Removing Primers and adapter

Hello,
I am still confused after going through various discussion on QIIME2 forum. I am using Illumina Miseq 2*300 bp and hypervariable region is V3-V4. I got following information from sequencing center and they mentioned that they did not remove any primers and adapters
"Nextera-compatible primer design:

Forward primer:

TCGTCGGCAGCGTCAGATGTGTATAAGAGACAG-[locus-specific]

Reverse primer:

GTCTCGTGGGCTCGGAGATGTGTATAAGAGACAG-[locus-specific]

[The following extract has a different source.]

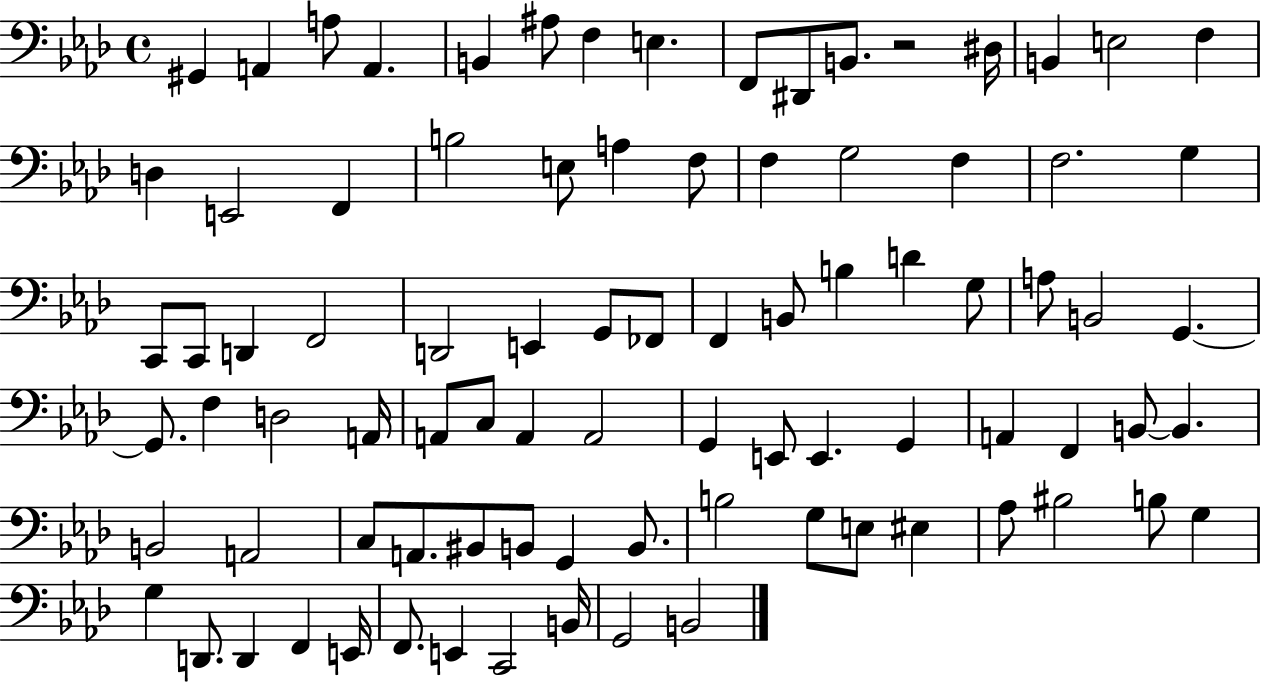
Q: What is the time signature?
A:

The indexing primers are as follows (we have a large set of these that allows multiplexing of >400 samples). This step adds both the index and the flowcell adapters. [i5] and [i7] refer to the index sequence codes used by Illumina. The p5 and p7 flow cell adapters are in bold.

Forward indexing primer: AATGATACGGCGACCACCGA GATCTACAC[i5]TCGTCGGCAGCGTC

Reverse indexing primer: CAAGCAGAAGACGGCATACGAGAT[i7]GTCTCGTGGGCTCGG

Nextera adapter sequences (for post-run trimming):

Read 1: CTGTCTCTTATACACATCTCCGAGCCCACGAGACNNNNNNNNATCTCGTATGCCGTCTTCTGCTTG

Read 2:

CTGTCTCTTATACACATCTGACGCTGCCGACGANNNNNNNNGTGTAGATCTCGGTGGTCGCCGTATCATT"

After importing I used following command for removing primers

qiime cutadapt trim-paired --i-demultiplexed-sequences paired-end-demux.qza --p-adapter-f "TCGTCGGCAGCGTCAGATGTGTATAAGAGACAG" --p-adapter-r "GTCTCGTGGGCTCGGAGATGTGTATAAGAGACAG" --o-trimmed-sequences trimmed-demux.qza

  1. Am I using the correct code for removing primers?
  2. Do I need to remove adapter first followed by primers or both at the same time?

From the discussion board, I noticed that my primers are different even I have same V3-V4 and 2"300 bp

After geting demux.qzv file, I used following command for trimming

qiime dada2 denoise-paired --i-demultiplexed-seqs paired-end-demux.qza --p-trim-left-f 0 --p-trim-left-r 0 --p-trunc-len-f 298 --p-trunc-len-r 298 --o-table table.qza --o-representative-sequences rep-seqs.qza --o-denoising-stats denoising-stats.qza

I got really low percentage around 7 to 15% of merged sequences.
I have attached the demux.qzv file for reference.

I would be grateful if I could get some suggestions here.
Thank you all!

Hi @umanand,

Only provide the PCR primers, not the entire adapter / primer construct. See:

-Mike

2 Likes

Hi Mike,
I am sorry, I do not get you. Do you mean I should use forward and reverse indexing primer?

Thank you!
Urmila

No, the actual PCR primers you used for amplification of the V3V4 region. I suspect they might be one of these two primer sets:

Region Primer Pair Name Reference Fwd primer (5' - 3') Rev primer (5' - 3')
V3V4 341F/357wF - 805R Herlemann et al. 2011 CCTACGGGNGGCWGCAG GACTACHVGGGTATCTAATCC
V3V4 341F/357wF-806R Lemons et al. 2017 CCTACGGGNGGCWGCAG GGACTACHVGGGTWTCTAAT

This is assuming the sequencing protocol used sequences through the primer, i.e. is present in the 5' region of your reads.

-Mike

Thank you Mike! I will try using this primer.

Sincerely,
Urmila

1 Like

I forgot to mention, use the --p-front-f and --p-front-r flags... not the --p-adapter-f and --p-adapter-r flags. See the help text for more information.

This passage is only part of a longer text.